Today is Old Maid’s Day, a strange holiday that you’ve probably never heard of. According to National Today, the holiday was created after World War II. Once the war ended and soldiers returned home, many women were still left single as their partners had sacrificed their lives. Marion Richards decided to take today to celebrate these women.
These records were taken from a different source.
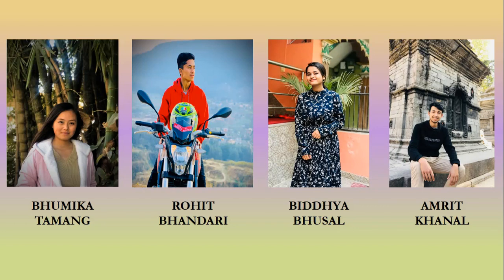Hello everyone, I am Bhumika Dambang, first year student from Pulsoc Engineering Campus, Department of Chemical Engineering. I and my group members, Rohit, Bidya, and Amrit,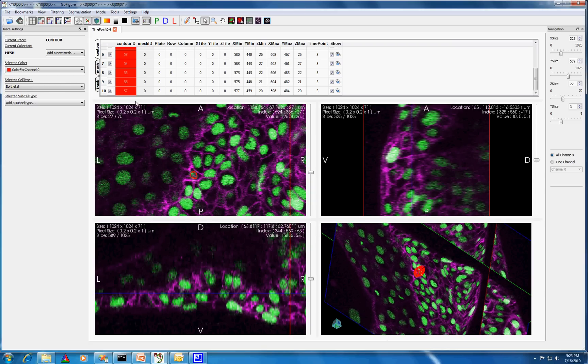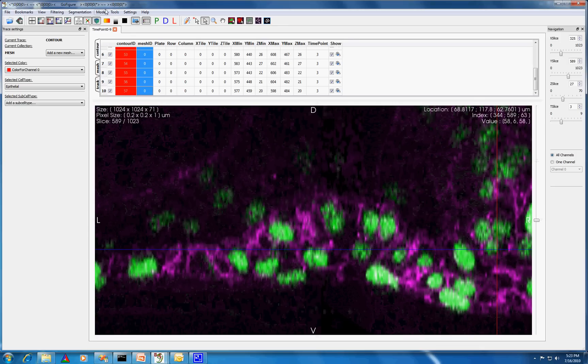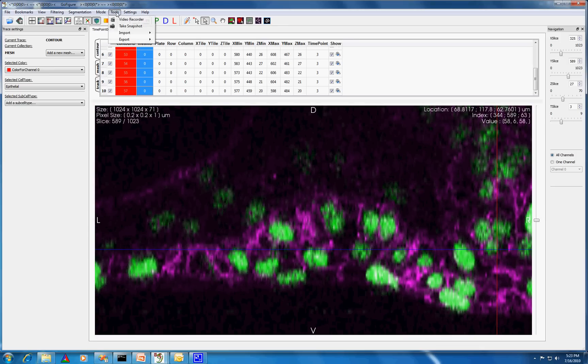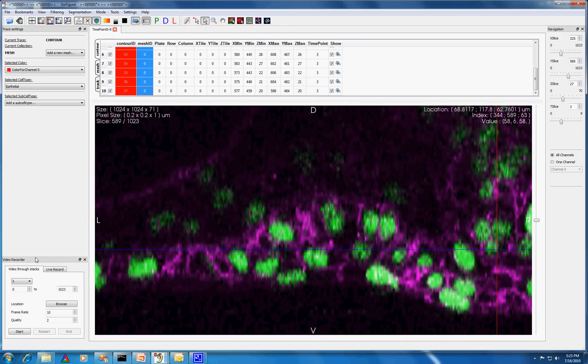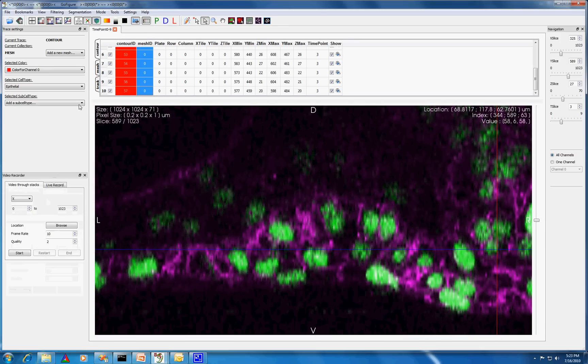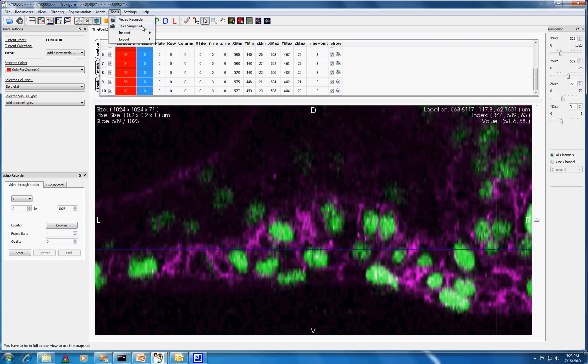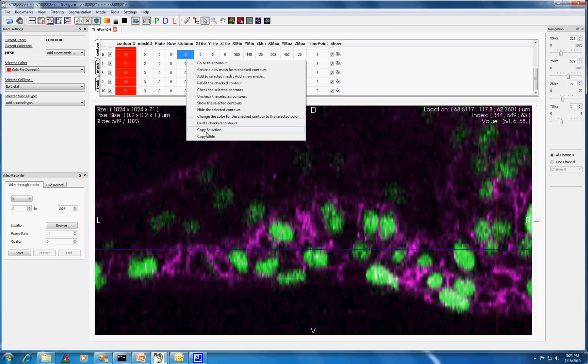There are many other features like making a movie which shows any series of slices sequentially in time, taking a snapshot of the current view, and copying the data from the table widget for analysis outside of GoFigure.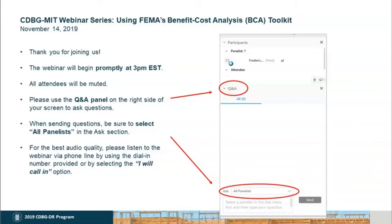Good afternoon, everyone, and thank you for joining us for today's webinar on using FEMA's Benefit Cost Analysis toolkit to demonstrate cost effectiveness of hazard mitigation projects. My name is Jelani Newton, and my colleague Brittany White and I will be your webinar hosts today.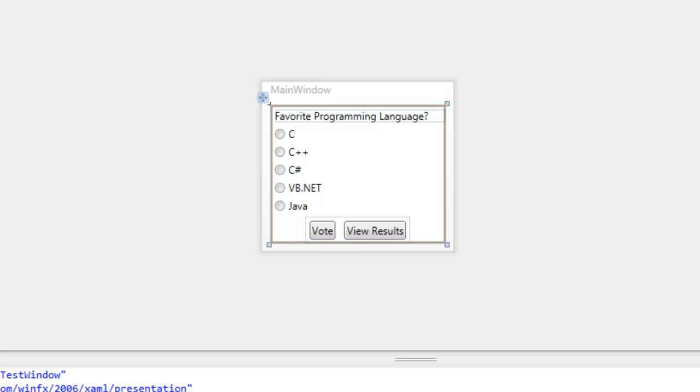So to illustrate the stack panel, I've laid out a questionnaire in the XAML. It's basically asking what's your favorite programming language? C, C++, C Sharp, VB.NET, or Java. And there are two buttons at the bottom to vote and show results.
“Old maid” has long been a stigmatized term, often implying pressure for women to marry. However, this pressure is unevenly bestowed between men and women—for example, unmarried men are called “bachelors,” which lacks the same derogatory implication. In this article, we want to recognize that marital status has nothing to do with a woman’s identity. Remaining unmarried is a path many people take, and we want to acknowledge these people and encourage them not to feel pressured or less-than for their personal choice!

Louisa May Alcott

Portrait of Louisa May Alcott, c. 1870

Louisa May Alcott was born in 1832 and grew up in a family struggling from financial demands. She took up writing as a way to earn money and help her family. While she wrote many short stories, she is best known for her book, Little Women, and its sequels. This book follows the lives of four sisters and is largely autobiographical. It’s commonly believed that main character Jo, who wished to remain single and gain success as an author, was based on Alcott herself.

Emily Dickinson

Daguerreotype taken at Mount Holyoke of Emily Dickinson, c. 1846

Emily Dickinson was born in 1830 and is the only woman on this list who never published any novels, focusing on poetry instead. She lived most of her life in isolation, relying on written correspondence to maintain any relationships. In her later life, she became largely unwilling to even leave her bedroom. Of the nearly 1,800 poems written, she only published 10! It was not until after her death that her sister found the rest of her work and had it published. Her style was very unique for its time and flouted the usual rules of poetry.

Jane Austen

Colored version of Jane Austen's 1873 portrait

Jane Austen was born in 1775 and is famous for several of her works, including Pride and Prejudice, Emma, and Sense and Sensibility. Her novels have inspired countless adaptations (including Bridget Jones’s Diary and Clueless) and remain popular today. In the late 1790s, she received a proposal from friend and neighbor Tom Lefroy. Her letters to her sister seem to indicate that, while she was genuinely interested in him, she rejected him a few days later.

Harper Lee

Photo of Harper Lee, taken by close friend Truman Capote, 1960

Born in 1926, renowned author of To Kill a Mockingbird Harper Lee was an amazingly skilled writer. Though this was her only book published during her lifetime, it is widely known, frequently taught in American schools, and won a Pulitzer Prize. As it is partially based on Lee’s own childhood in the South, it deals with issues of racial inequality while also maintaining a childlike voice of her young narrator. Harper Lee also is known for helping her close friend and fellow writer, Truman Capote, write In Cold Blood.

Emily Brontë

Portrait of Emily Brontë; part of group portrait by brother Branwell Brontë

Born in 1818, Emily Brontë is known for her only published novel, Wuthering Heights. In addition to this famous story of Cathy and Heathcliff, she also published a book of poetry with her sisters, Charlotte and Anne. Emily was shy but brave, committed to her studies, and closest to her sister Anne. She found more interest in writing, nature, and her family than any romantic attachments.